Work to be completed
Please set down each of the lines below once more, exactly, omitting all pictures.

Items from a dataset
>>>>>

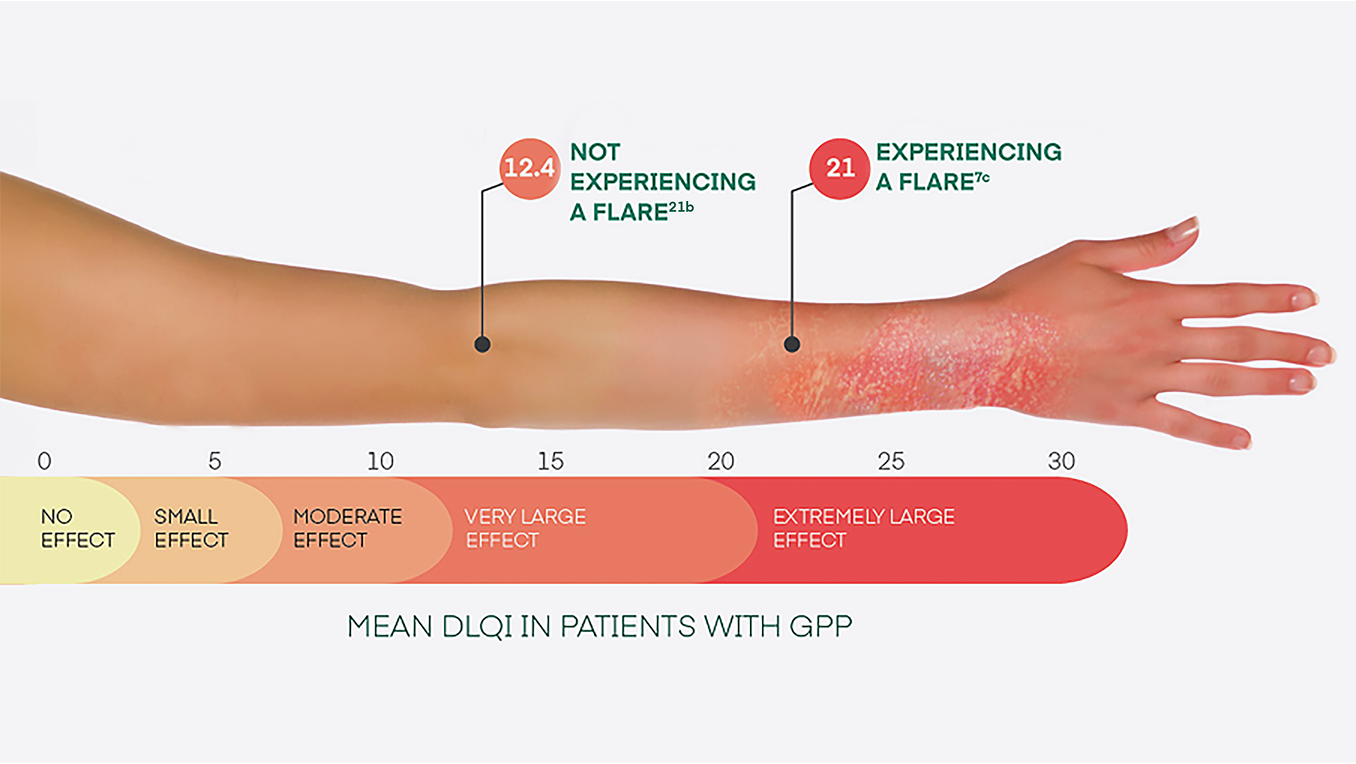 Mean DLQI In Patients With GPP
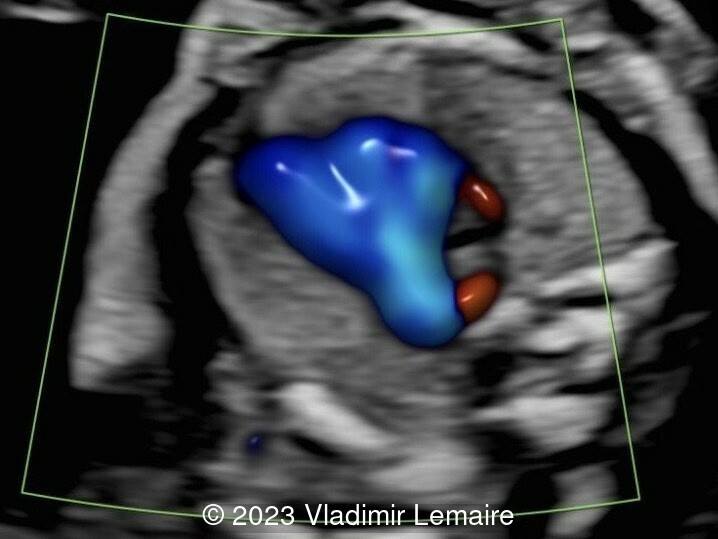 Azygos vein draining into the SVC, and ARSA coursing posterior to the trachea and esophagus and toward the right arm, in a fetus at 19 weeks of gestation.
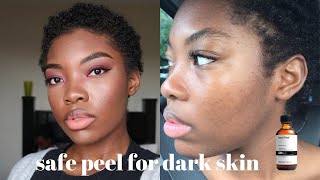 chemical peel at home for dark skin  chemical peel at home for acne [upl. by Assilaj217]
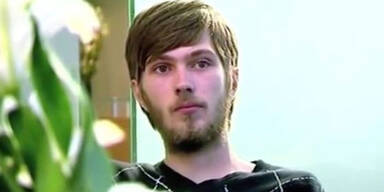 Jay (21) hat noch nie im Leben Z&auml;hne geputzt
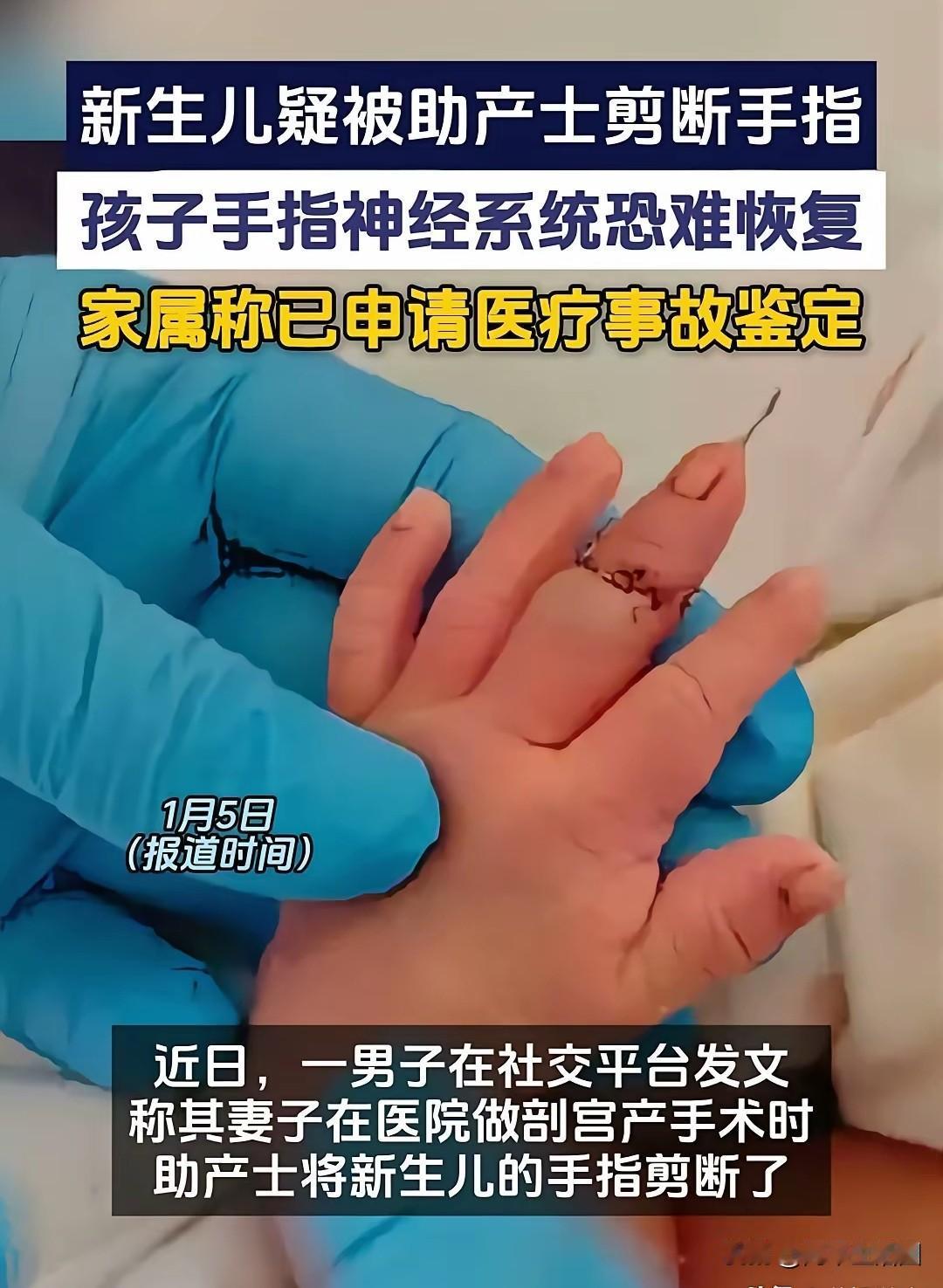 新生儿手指被剪断，这样的事真就发生在了人民医院，这里面一定有院方的管理问题。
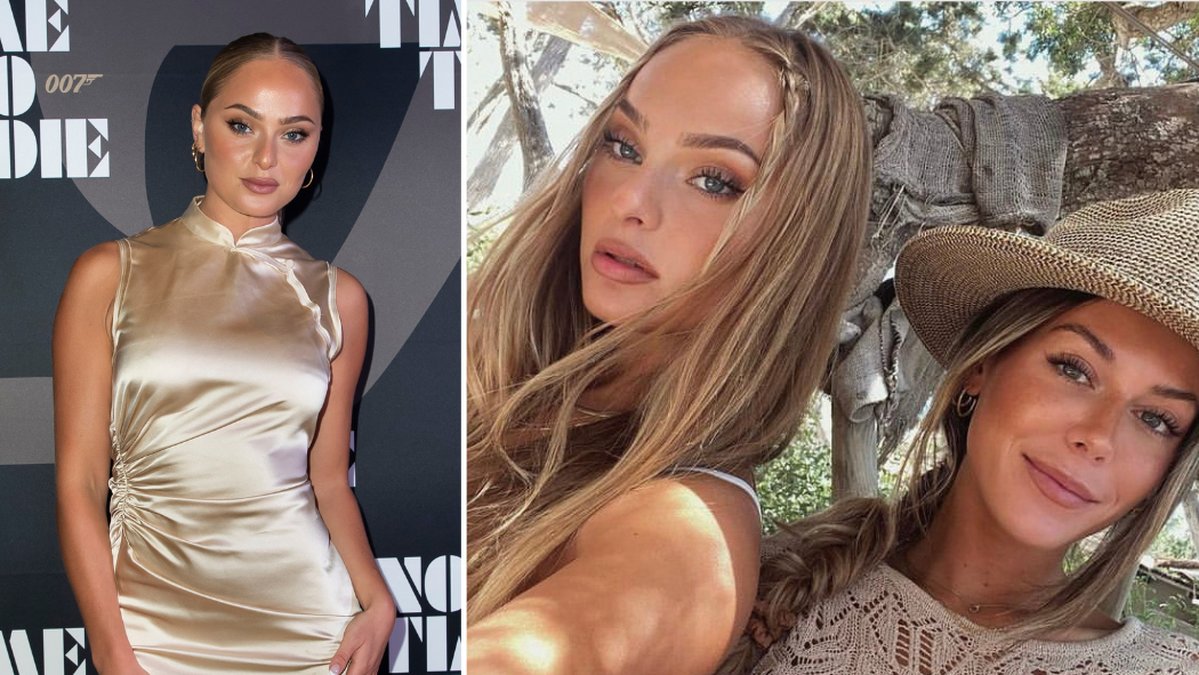 Alice Stenlöf berättar om botox-injektionen: Kunde inte äta mat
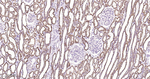 ACADM Antibody in Immunohistochemistry (Paraffin) (IHC (P))
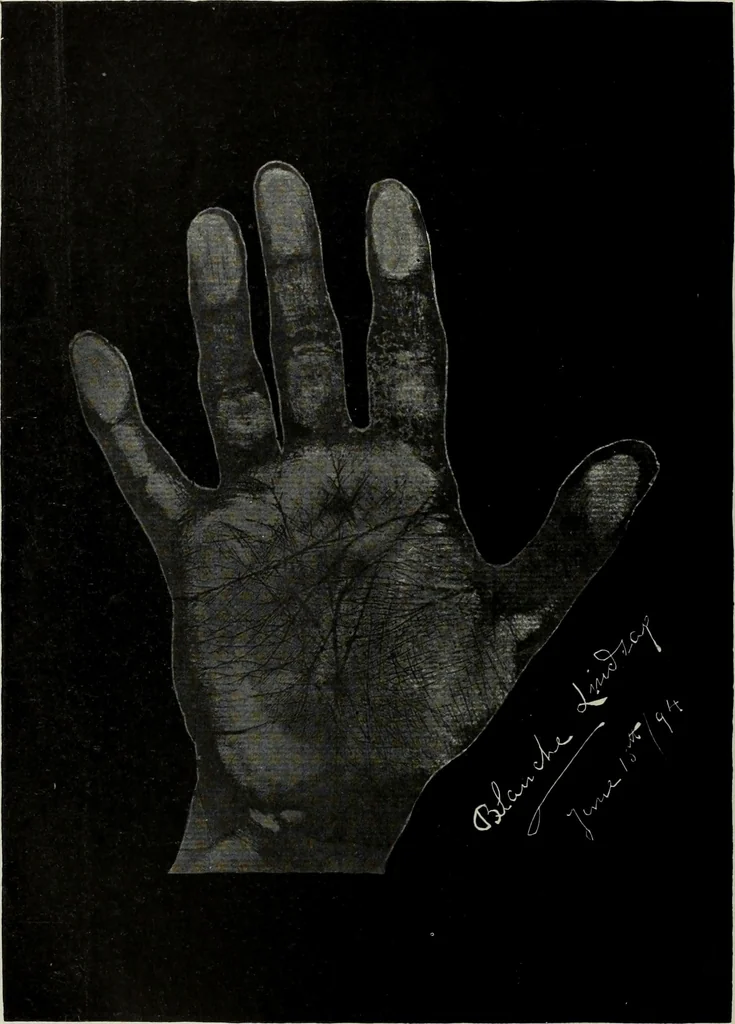 An illustration from Cheiro's language of the hand : complete practical work on the sciences of cheirognomy and cheiromancy, containing the system, rules, and experience of Cheiro [pseud.] fifty-five full-page illustrations, and over two hundred engravings of lines, mounts, and marks, 1900, leaf 251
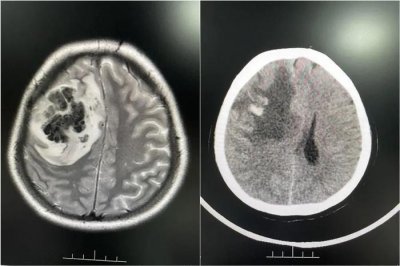 ​广东25岁女主播突然昏迷不醒！医生提醒：与这些行为有关→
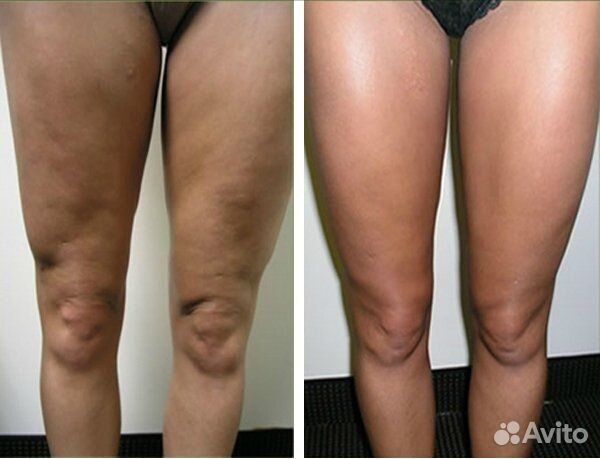 LPG массаж тела. Гуаша. Качественно. В центре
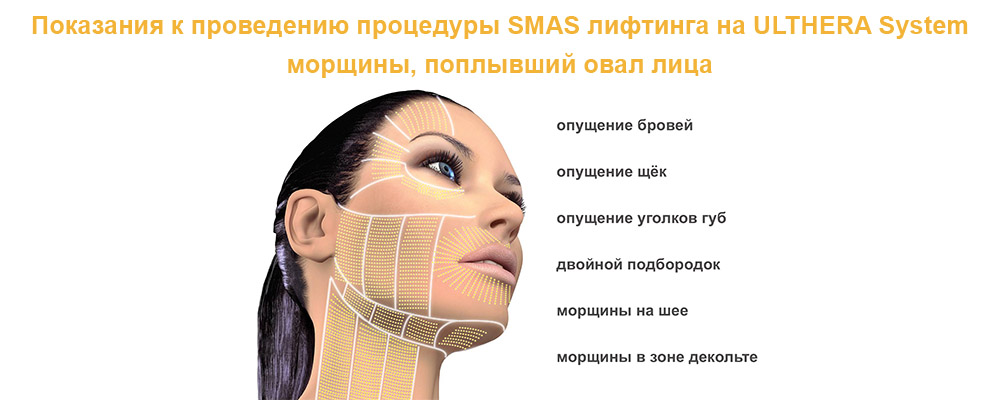 Смас лифтинг в Esthetic Clinic фото 030303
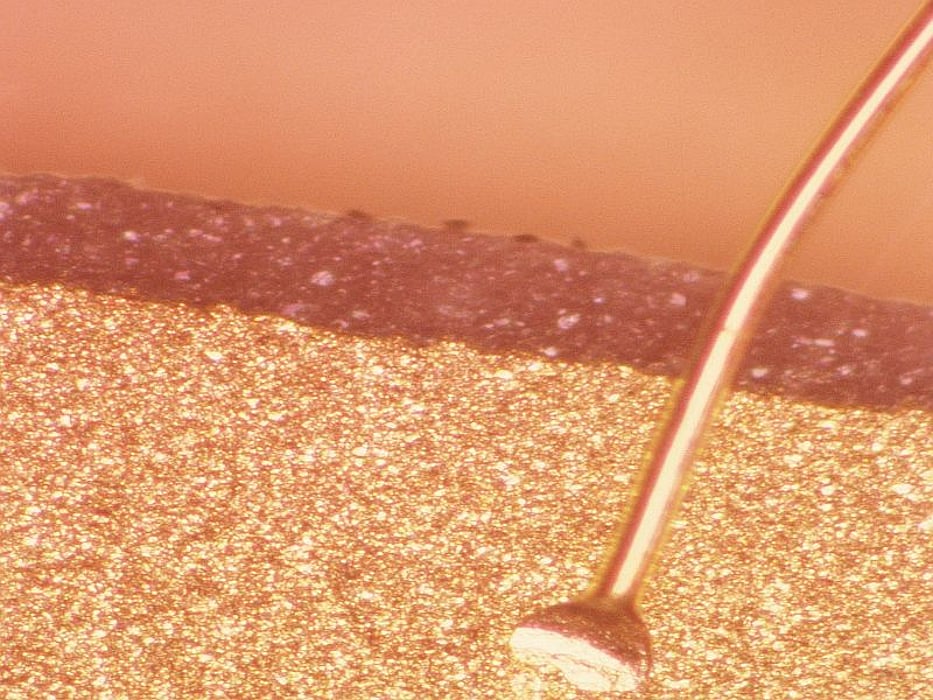 hair in skin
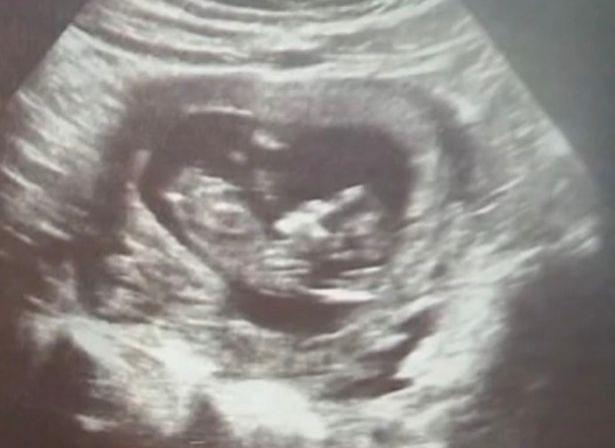 Împușcată în cap în timp ce-și aștepta tatăl să cumpere o prăjitură, în SUA. Marissa urma să devină mamă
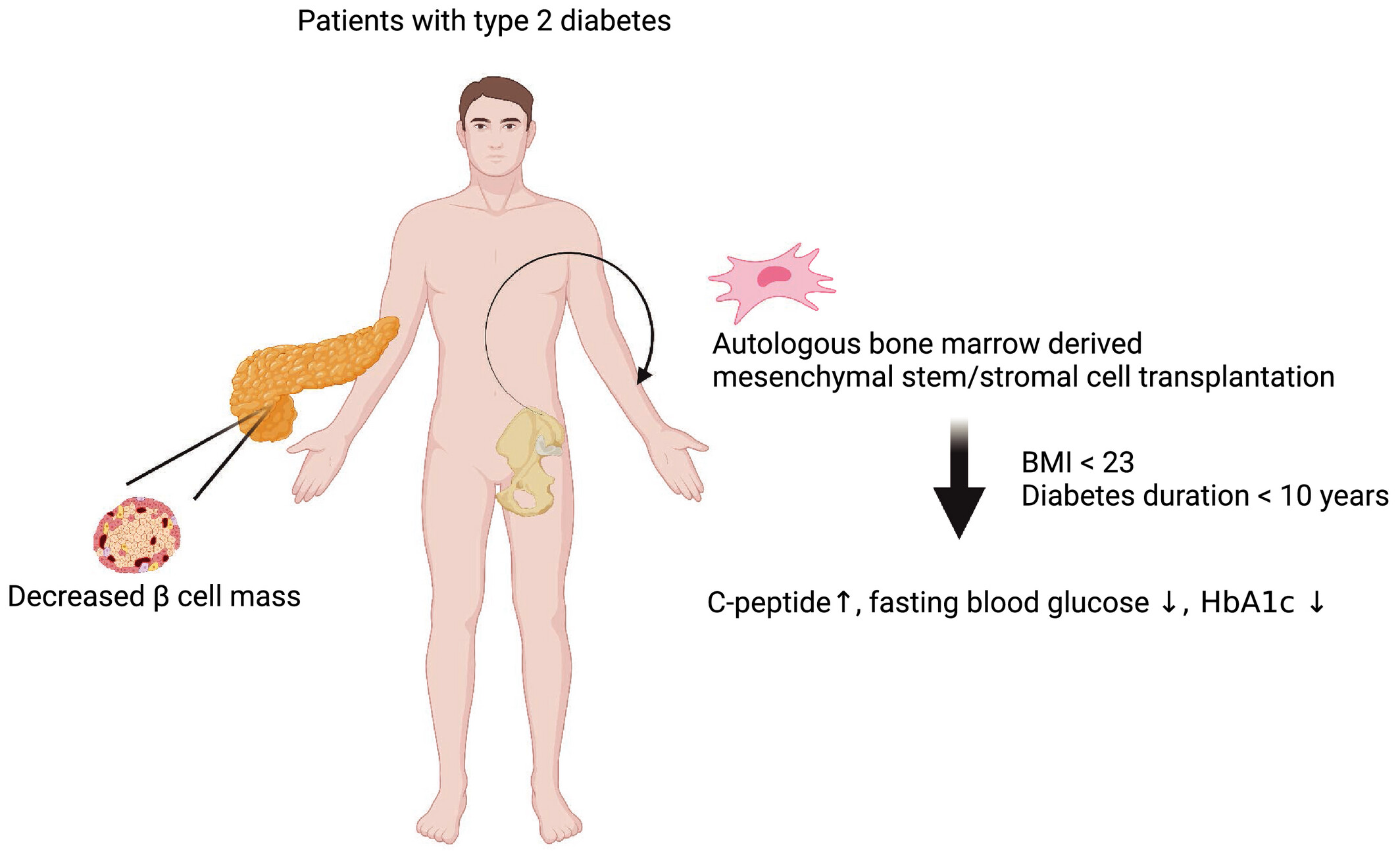 圖1：自體骨髓間充質/基質干細胞移植可以安全地改善2型糖尿病患者的高血糖癥并恢復C肽水平。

<<<<<

Written solution
 Mean DLQI In Patients With GPP
 Azygos vein draining into the SVC, and ARSA coursing posterior to the trachea and esophagus and toward the right arm, in a fetus at 19 weeks of gestation.
 chemical peel at home for dark skin  chemical peel at home for acne [upl. by Assilaj217]
 Jay (21) hat noch nie im Leben Z&auml;hne geputzt
 新生儿手指被剪断，这样的事真就发生在了人民医院，这里面一定有院方的管理问题。
 Alice Stenlöf berättar om botox-injektionen: Kunde inte äta mat
 ACADM Antibody in Immunohistochemistry (Paraffin) (IHC (P))
 An illustration from Cheiro's language of the hand : complete practical work on the sciences of cheirognomy and cheiromancy, containing the system, rules, and experience of Cheiro [pseud.] fifty-five full-page illustrations, and over two hundred engravings of lines, mounts, and marks, 1900, leaf 251
 ​广东25岁女主播突然昏迷不醒！医生提醒：与这些行为有关→
 LPG массаж тела. Гуаша. Качественно. В центре
 Смас лифтинг в Esthetic Clinic фото 030303
 hair in skin
 Împușcată în cap în timp ce-și aștepta tatăl să cumpere o prăjitură, în SUA. Marissa urma să devină mamă
 圖1：自體骨髓間充質/基質干細胞移植可以安全地改善2型糖尿病患者的高血糖癥并恢復C肽水平。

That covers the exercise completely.